The Melchizedek Priesthood Committee is now called the Stake Adult Leadership Committee. Participants include the stake presidency, the stake relief society presidency, and assigned high councillors. The Aaronic Priesthood-Young Women Committee is now called the Stake Youth Leadership Committee. A counselor in the stake presidency, the stake Young Women presidency, and stake Young Men presidency will attend, along with selected youth. Both committees meet as needed to support the work of salvation and exaltation in the wards.
“These recent changes in the handbook emphasize the importance of men and women serving in the Church together to accomplish this important work of salvation,” added Elder Vern P. Stanfill, a General Authority Seventy serving as an assistant executive director in the Priesthood and Family Department.
Chapter 21: “Ministering” emphasizes doctrine and scriptures related to ministering how members care for others.
Chapter 22: “Providing for Temporal Needs and Building Self-Reliance” includes updated guidelines on administering Church welfare and offers an expanded list of available resources.

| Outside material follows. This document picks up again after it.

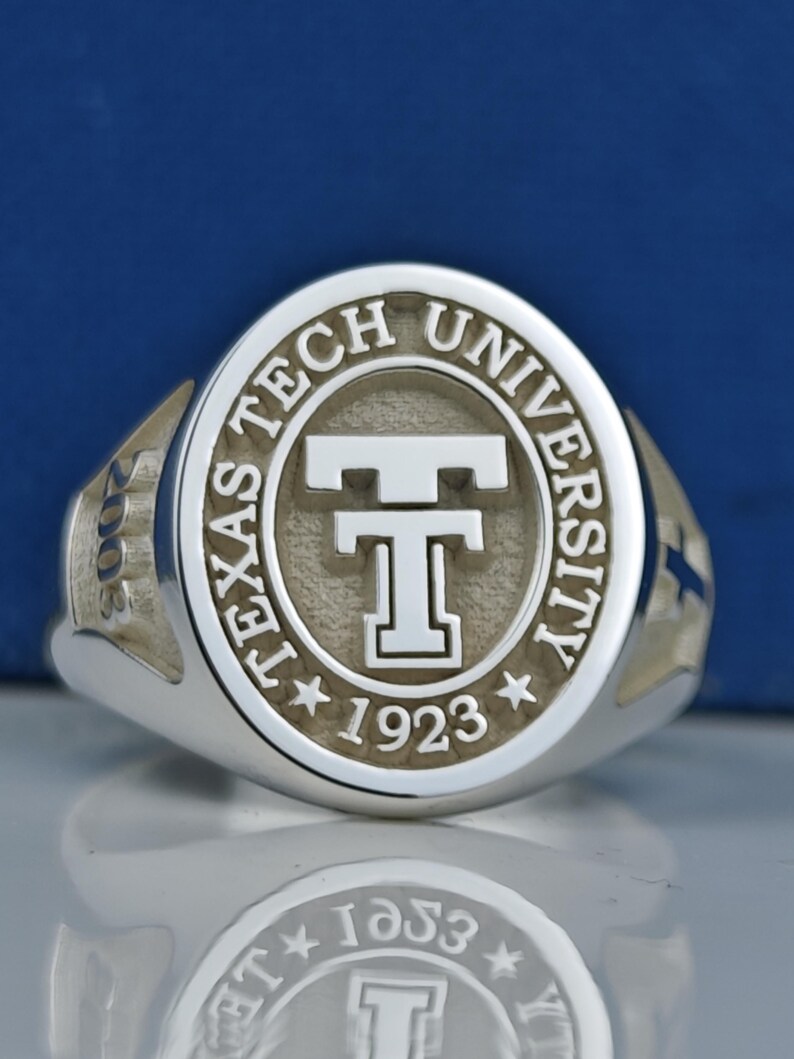 May include: A silver ring with an oval-shaped top featuring the words "Texas Tech University" and a stylized "T" in the center. The year "1923" is inscribed below the "T".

Bishop L. Todd Budge, newly called second counselor in the Presiding Bishopric, said caring for those in need has always been a central element in the gospel of Jesus Christ. “What you’ll find in this new handbook version is that it’s more about principles, rather than practices, and more about ministering, rather than administering a program. It’s really about helping us as individuals learn how to reach out and minister to those in need.”
Chapter 25: “Temple and Family History Work in the Ward and Stake” includes updated information on organizing temple and family history work in the ward and stake; family history resources; and calling temple workers.
Chapter 26: “Temple Recommends” includes updated information on issuing temple recommends.
Chapter 27: “Temple Ordinances for the Living” includes updated information for members receiving their own endowment or preparing to be sealed or married in the temple.
Elder Kevin R. Duncan, a General Authority Seventy and Executive Director of the Temple Department, said many temple-related updates are designed to help members understand the importance of covenants. For example, members have often struggled to know how much detail they can say about the ordinances in the temple. “Now, for the first time, included in a handbook are the actual covenants that members enter into in the temple. And they receive guidance on what they can say and what they cannot say,” Elder Duncan said.
Since the First Presidency announced on Jan. 30 that a new administrative handbook for all Church leaders and members would replace Handbook 1 and Handbook 2 and be available to the public, nearly 60 percent of the handbook has been reworked. The remainder of the handbook will be revised in 2021.